A.I. is a futuristic fairy-tale, an enchanting story of a boy mechanoid ("mecha") called David who embarks on a journey because he wants to be loved by the woman he calls his mother. With parallels to the story of Pinocchio, Spielberg takes us on a spellbinding exploration of love, hate, friendship, prejudice and ultimately what it is to be human, and what it is to be without humanity.
Told in three vastly different acts, the story takes us from somewhat familiar home settings, through the grittiness of the Flesh Fair; the glamour, glitz and sleaze of Rouge City; to a final half hour in the most imaginative and dreamlike vision of the distant future.
This film communicates on many levels, and is held together by a gloriously unique concept, a cast of interesting and well-portrayed characters (including excellent cameos by Robin Williams, Ben Kingsley and Meryl Streep), a simple and beautiful musical score by John Williams that - for a change, had me guessing for a while and didn't sound like Williams at all - and excellent visual direction by Spielberg.
While it must be said that I found the first 50 minutes unnecessarily slow-paced, and not entirely successful in conveying the emotions and motives of David's parents, the last two acts more than make up for this imbalance. The character of Teddy, a semi-intelligent robotic soft toy who is essentially playing the part of David's conscience, also has a vital role of stitching together the broken scenes, smoothing out the storyline, and adding moments of much needed comedy.
Every time I watch A.I., I come away with a new message, another meaning in the story I hadn't spotted before, and it never fails to fill my eyes with tears at the end. The finale is pure magic, and can only be appreciated in context with the first two acts.

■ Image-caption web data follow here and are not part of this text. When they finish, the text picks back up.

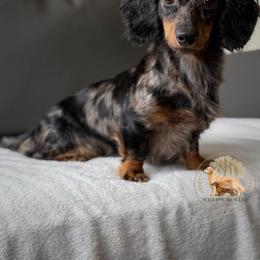 Raven - Dachshund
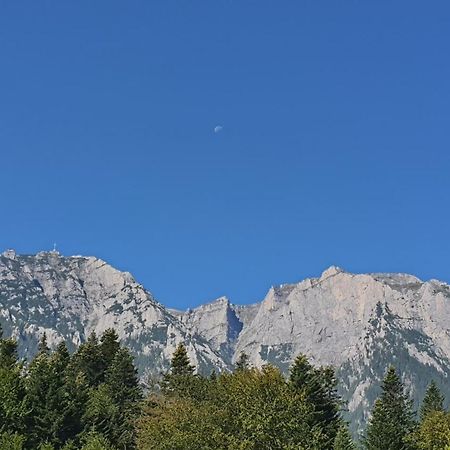 Pensiunea Luna Буштені Екстер'єр фото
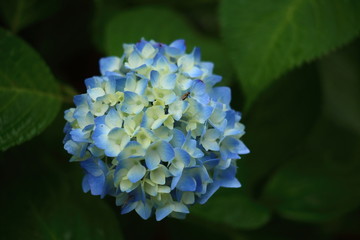 アジサイの花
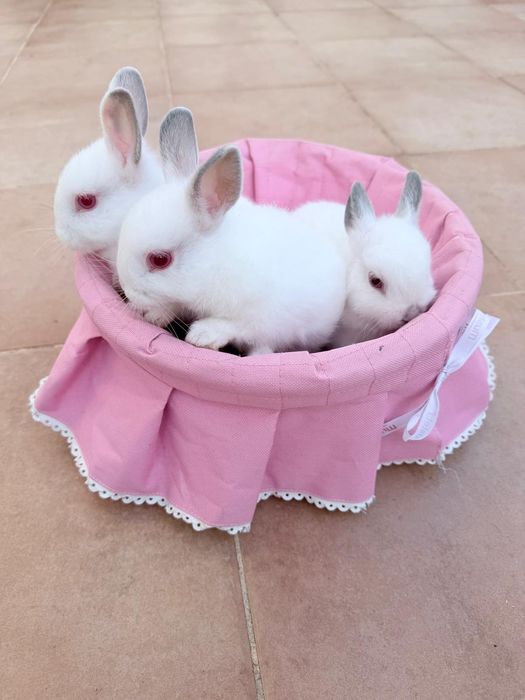 Coelhos anões bebés brancos e cinza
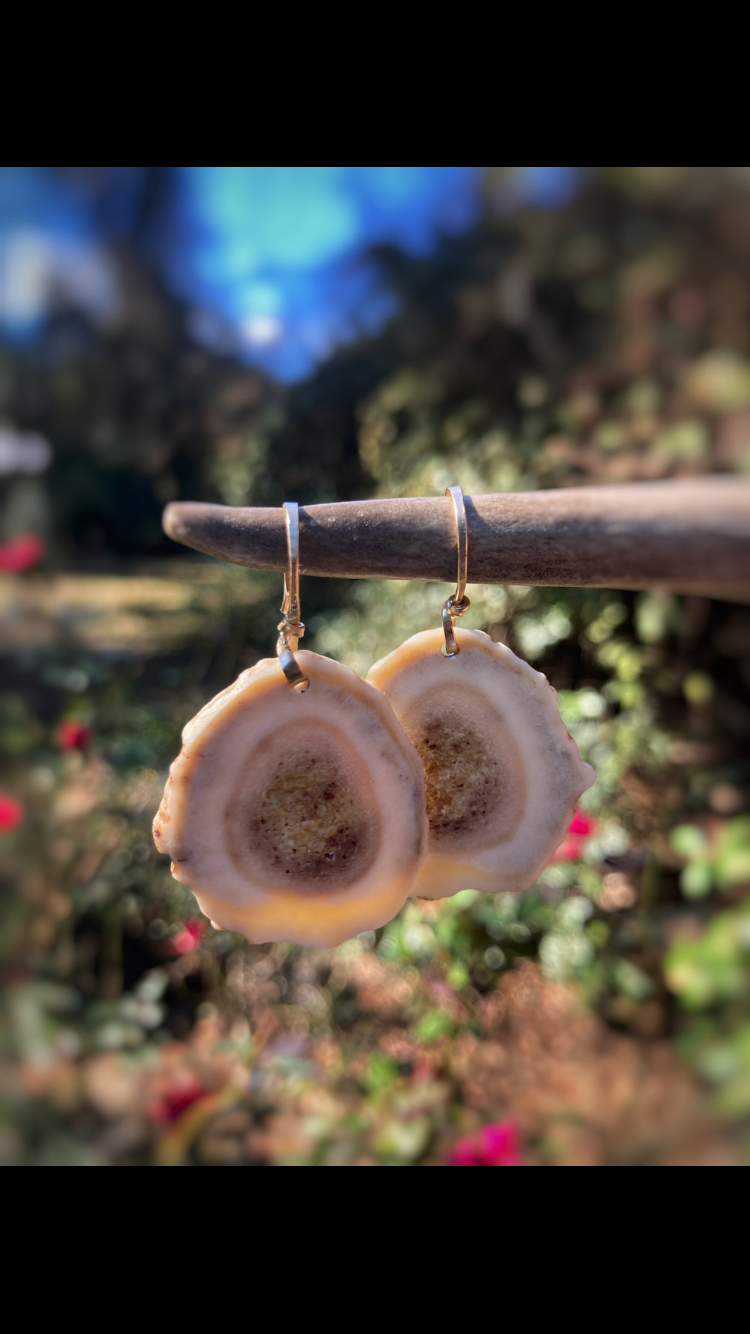 the bluff earrings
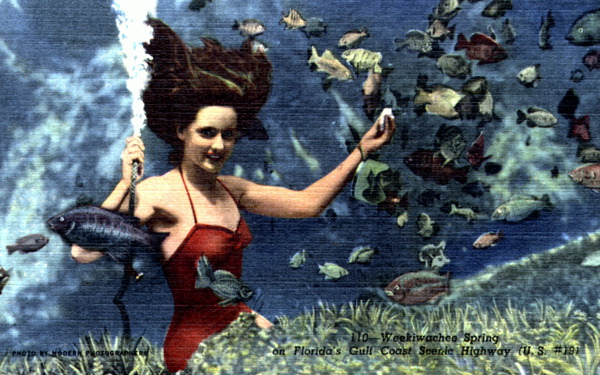 Weeki Wachee Spring - on Florida's gulf coast scenic highway (U.S. number 19).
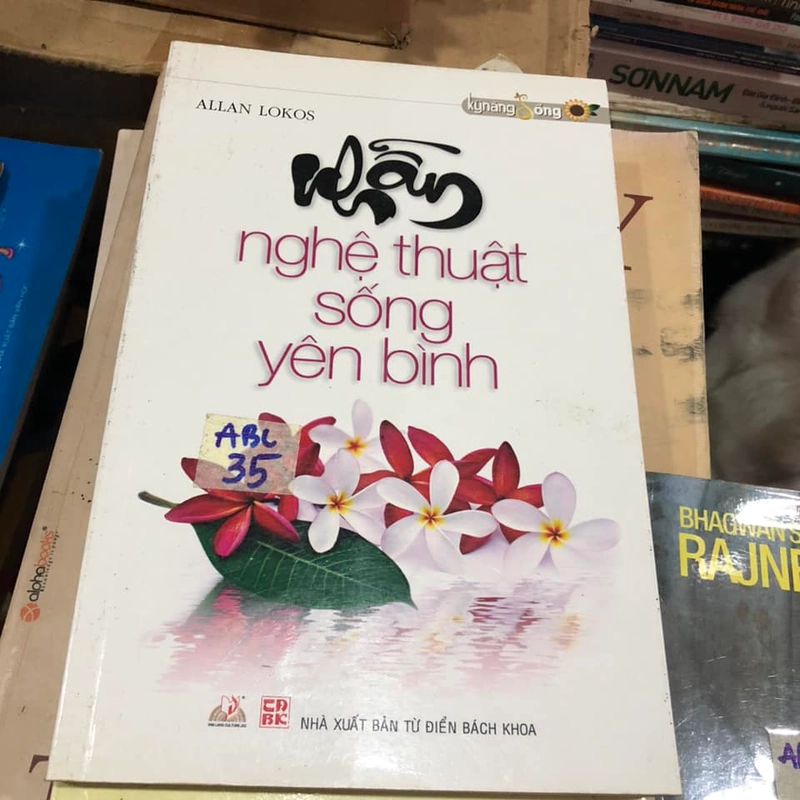 Nhẫn - nghệ thuật sống yên bình (Allan Lokos) 316281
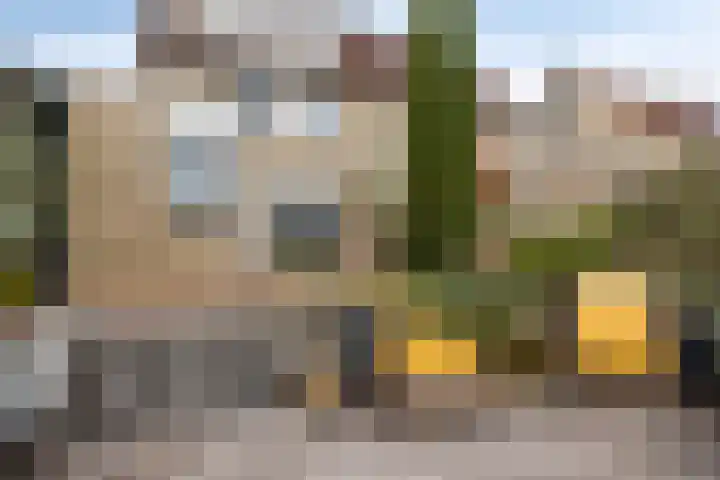Dwergstern 45 Emmen thumbnail 49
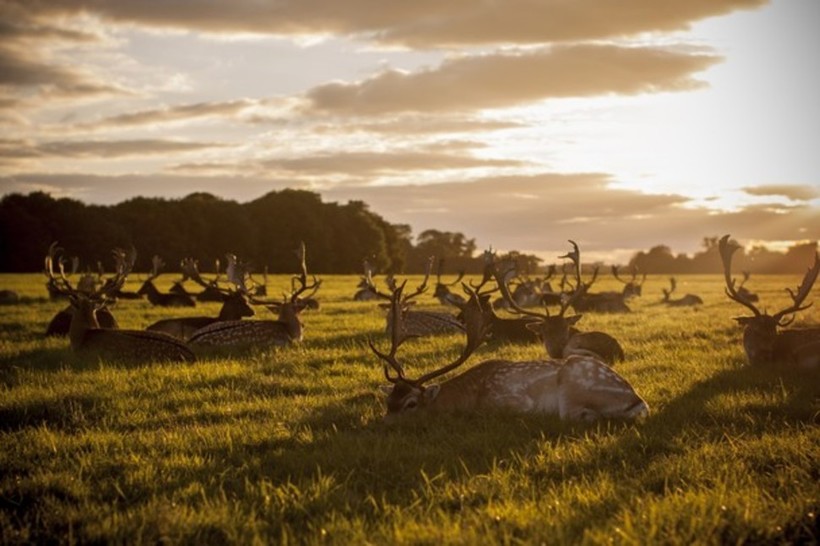 20 cнимков National Geographic, после которых единственным твоим желанием будет путешествовать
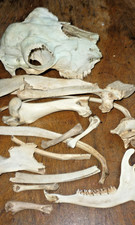 Echte tier knochen hexen - tier,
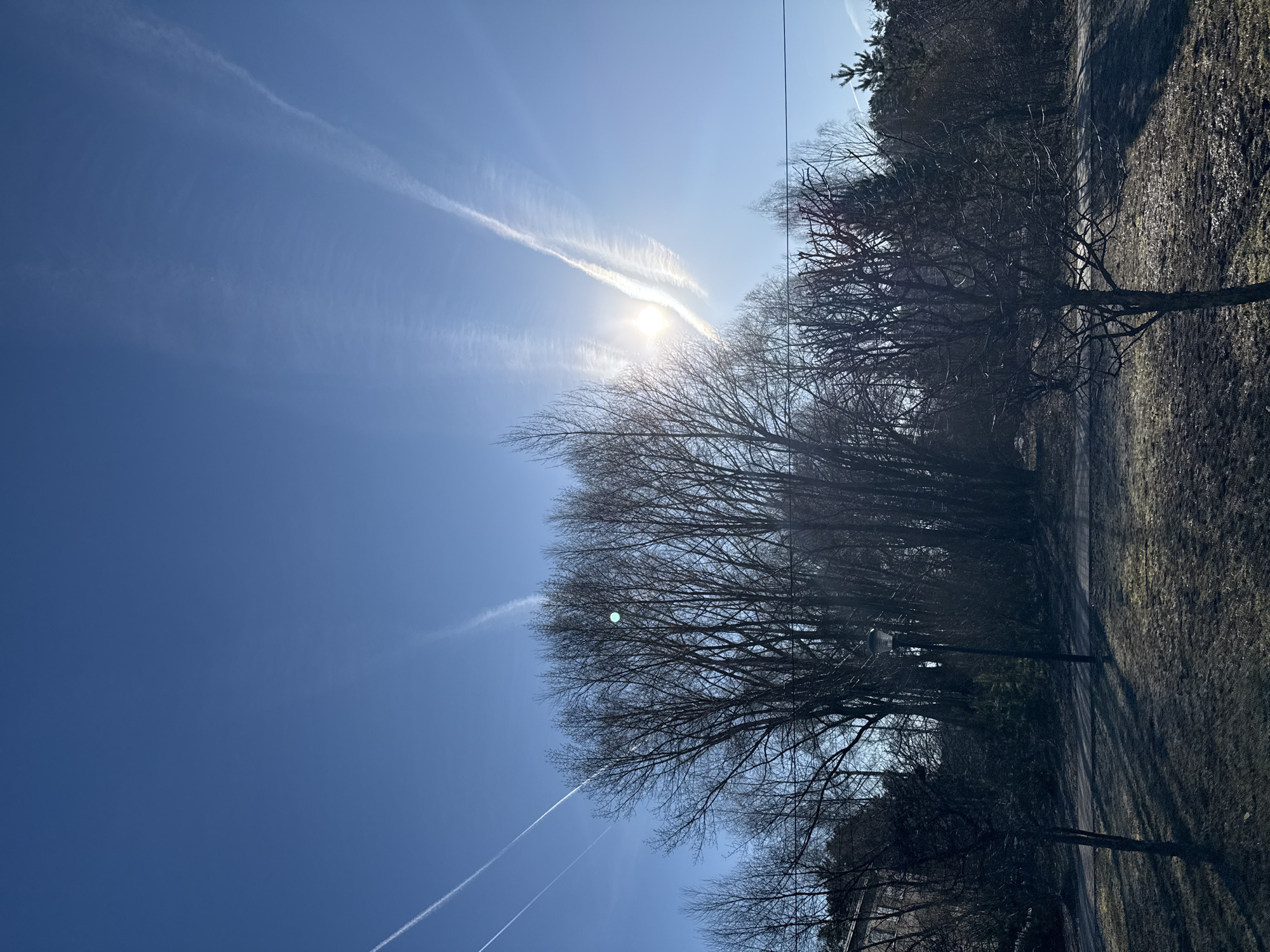 The image shows a view of a park-like area on a sunny day in Unknown, Unknown. The sky is bright blue with several contrails from airplanes streaking across. The sun is visible through the contrails and is partially obscured by thin clouds. In the foreground, there are trees without leaves, suggesting it is late fall or winter. The ground is covered with dry grass and leaves. A path or road runs along the side of the trees. A streetlight is visible near the tree line.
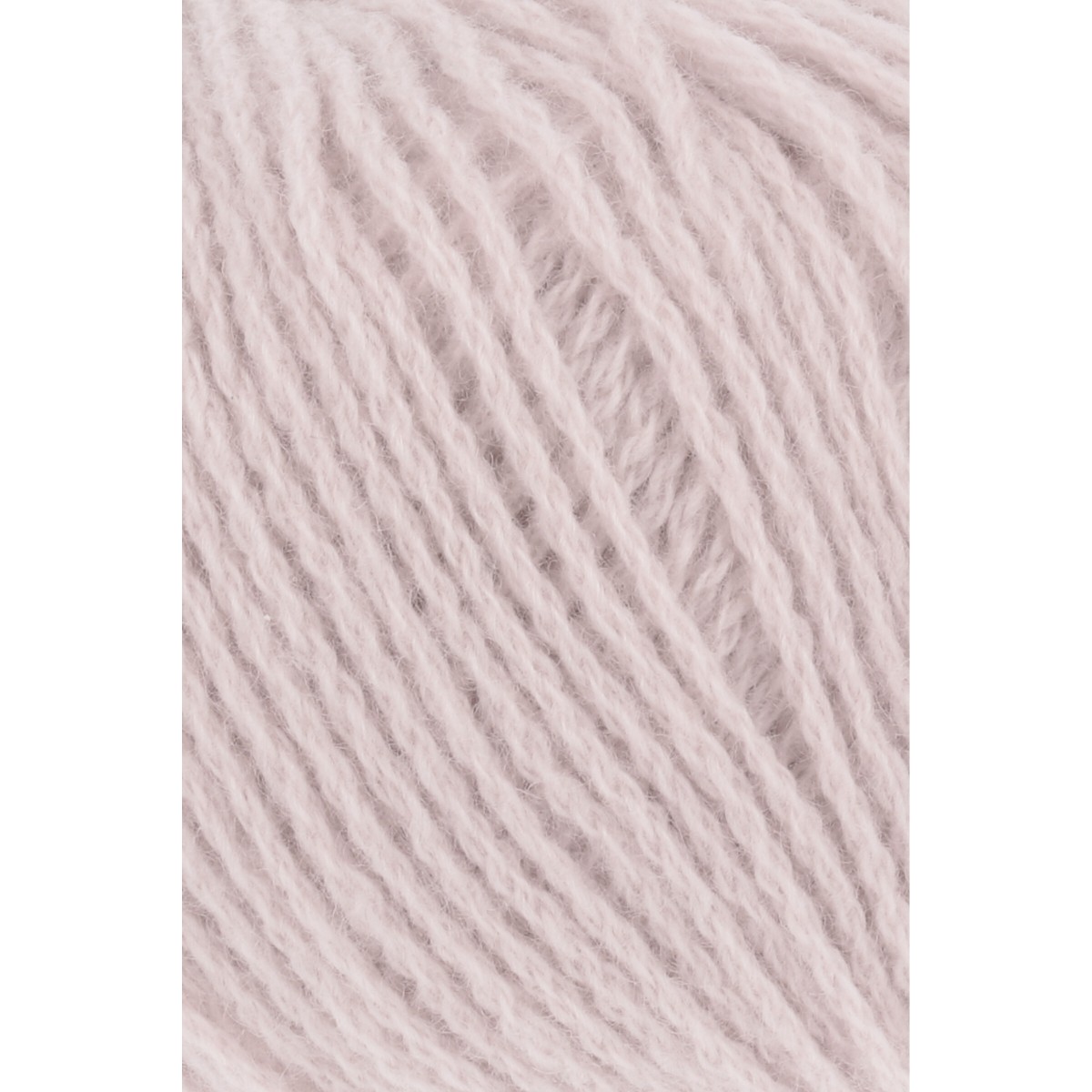 cashmere premium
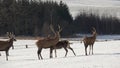 Deers in the snow. Deers and deerskin walking on the snow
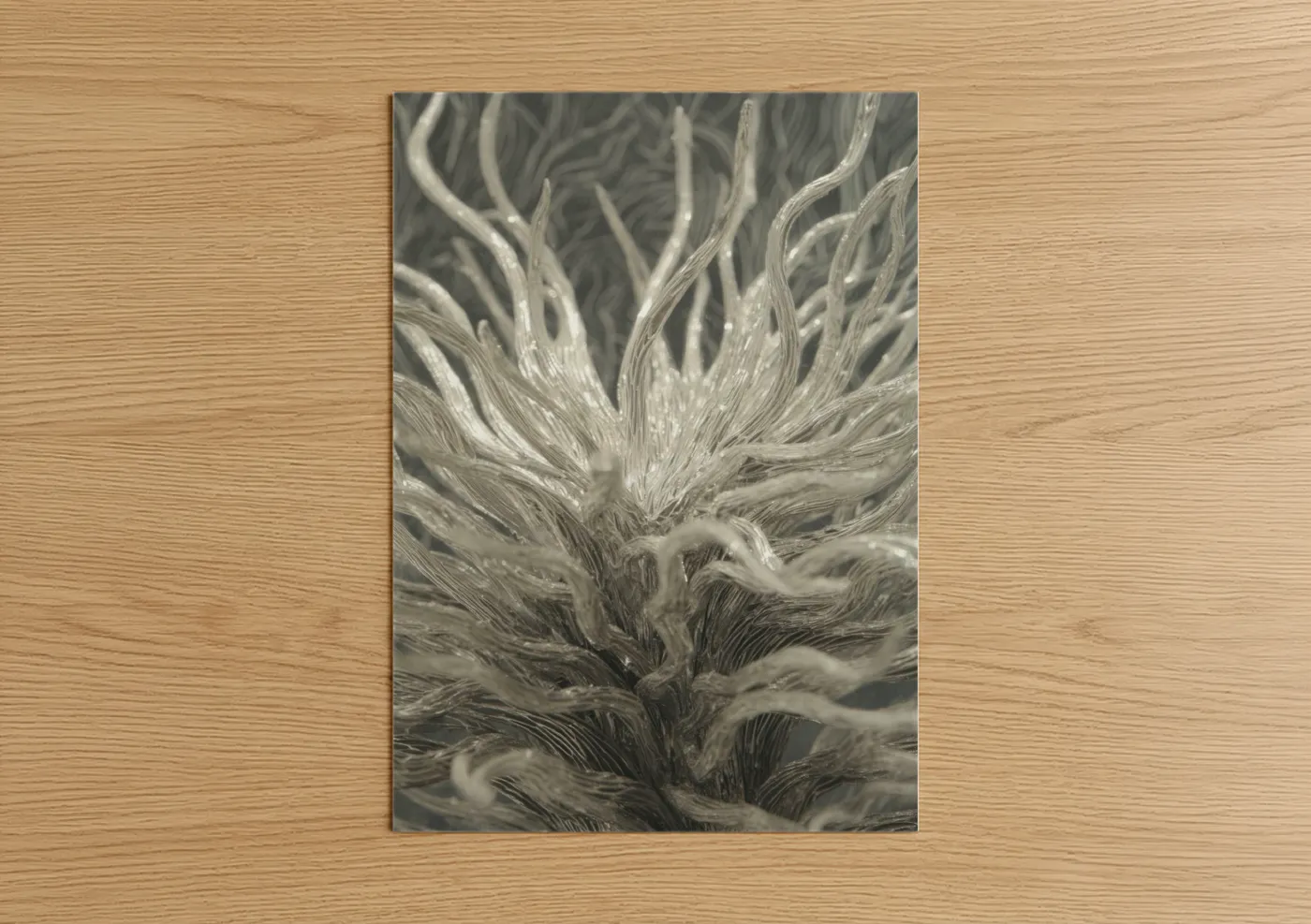 Ethereal Sea Anemone Monochrome Wall Art
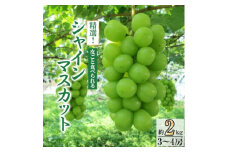 精選! シャインマスカット 約2kg (3～4房)【1121133】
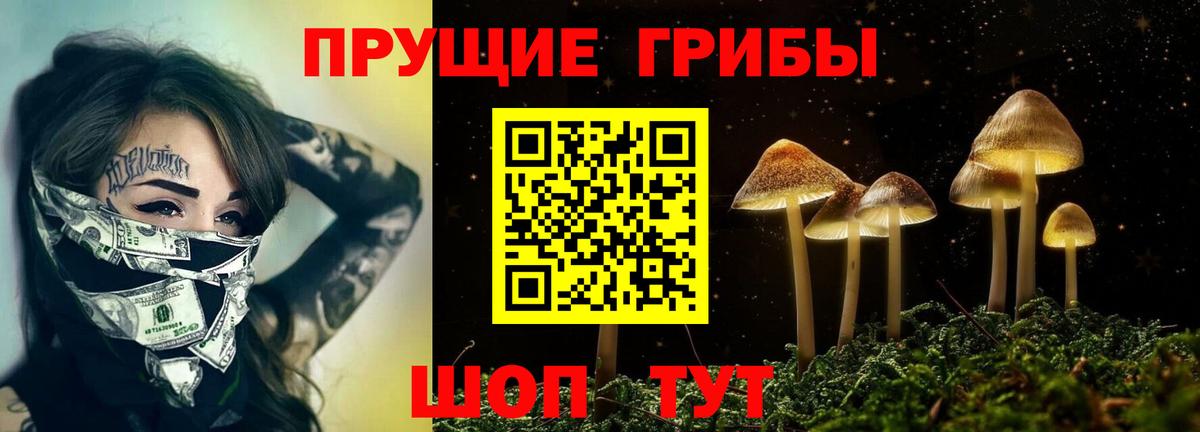 Карталы  Псилоцибиновые грибы Psilocybine cubensis  Вход с VPN 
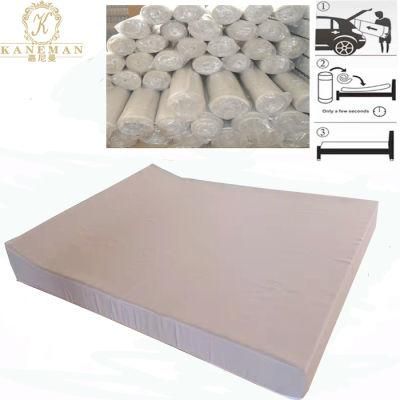 Durable Outdoor Camp Use Waterproof Canvas Fabric Foam Mattress with Pillow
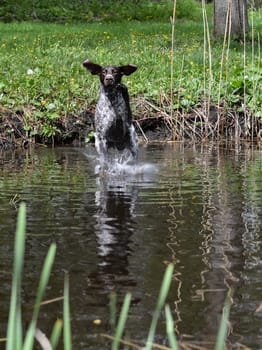 german shorthaired pointer jumping into the river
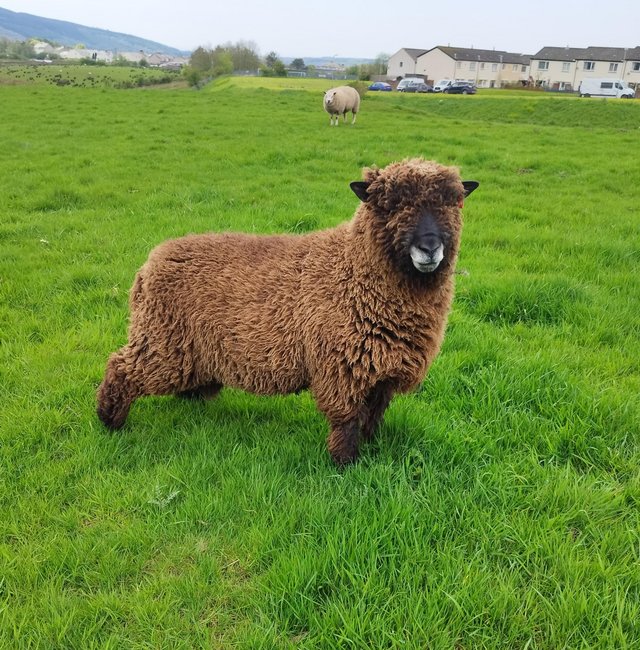 Preview of the first image of Coloured ryeland tup 2023 High wreah Dominic.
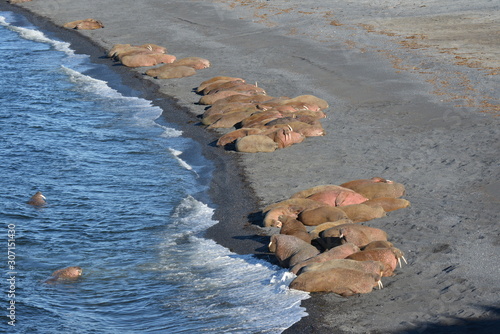 Walrus atlantic, Pechora sea, Russia photo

It is a tragedy that Kubrick, the great film visionary revered by Spielberg and who had wanted to make this movie for over 10 years, died before it could be made - although Spielberg incorporated many of his concepts and worked closely with his production company. For once, Spielberg avoided being over-sentimental, having struck a fine balance between emotion and reason, and I think has succeeded in bringing to life a story that is as accessible and relevant for adults as it is for children. I believe he would have made Kubrick proud, and it is a fitting dedication to his memory.